Augmenting the Interpretability of GraphCodeBERT for Code Similarity Tasks
Jorge Martinez-Gil

TL;DR
This paper enhances the interpretability of GraphCodeBERT for code similarity tasks by enabling clearer identification of semantic relationships, aiding developers in understanding and trusting similarity assessments.
Contribution
It introduces a method to improve the transparency of code similarity detection using GraphCodeBERT, balancing semantic accuracy with interpretability.
Findings
Improved interpretability of code similarity results.
Enhanced understanding of semantic relationships in code.

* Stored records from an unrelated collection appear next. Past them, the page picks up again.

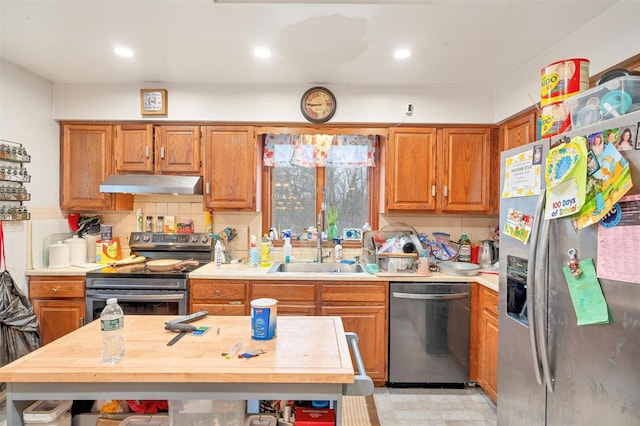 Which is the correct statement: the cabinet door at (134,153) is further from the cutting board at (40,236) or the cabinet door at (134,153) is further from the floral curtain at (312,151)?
the floral curtain at (312,151)

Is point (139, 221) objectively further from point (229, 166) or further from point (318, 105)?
point (318, 105)

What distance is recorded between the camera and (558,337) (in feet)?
4.41

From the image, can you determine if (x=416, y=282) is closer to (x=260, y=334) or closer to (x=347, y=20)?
(x=260, y=334)

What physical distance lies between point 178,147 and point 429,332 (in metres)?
2.66

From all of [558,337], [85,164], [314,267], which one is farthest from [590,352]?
[85,164]

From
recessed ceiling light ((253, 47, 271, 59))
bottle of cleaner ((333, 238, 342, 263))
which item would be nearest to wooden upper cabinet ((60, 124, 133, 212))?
recessed ceiling light ((253, 47, 271, 59))

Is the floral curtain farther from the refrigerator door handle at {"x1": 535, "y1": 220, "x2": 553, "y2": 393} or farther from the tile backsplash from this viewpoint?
the refrigerator door handle at {"x1": 535, "y1": 220, "x2": 553, "y2": 393}

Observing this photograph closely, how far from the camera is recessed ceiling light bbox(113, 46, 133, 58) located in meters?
2.35

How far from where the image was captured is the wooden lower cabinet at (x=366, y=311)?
262 cm

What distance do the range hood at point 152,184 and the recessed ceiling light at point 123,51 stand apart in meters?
0.98

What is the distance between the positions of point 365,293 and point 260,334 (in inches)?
55.2

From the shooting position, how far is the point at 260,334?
Answer: 4.49 feet

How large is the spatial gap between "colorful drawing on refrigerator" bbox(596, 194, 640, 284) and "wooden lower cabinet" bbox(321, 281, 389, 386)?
5.27ft

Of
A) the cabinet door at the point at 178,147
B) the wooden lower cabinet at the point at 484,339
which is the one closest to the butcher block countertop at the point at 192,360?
the wooden lower cabinet at the point at 484,339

Open-source implementation available.
Abstract
Assessing the degree of similarity of code fragments is crucial for ensuring software quality, but it remains challenging due to the need to capture the deeper semantic aspects of code. Traditional syntactic methods often fail to identify these connections. Recent advancements have addressed this challenge, though they frequently sacrifice interpretability. To improve this, we present an approach aiming to improve the transparency of the similarity assessment by using GraphCodeBERT, which enables the identification of semantic relationships between code fragments. This approach identifies similar code fragments and clarifies the reasons behind that identification, helping developers better understand and trust the results. The source code for our implementation is available at https://www.github.com/jorge-martinez-gil/graphcodebert-interpretability.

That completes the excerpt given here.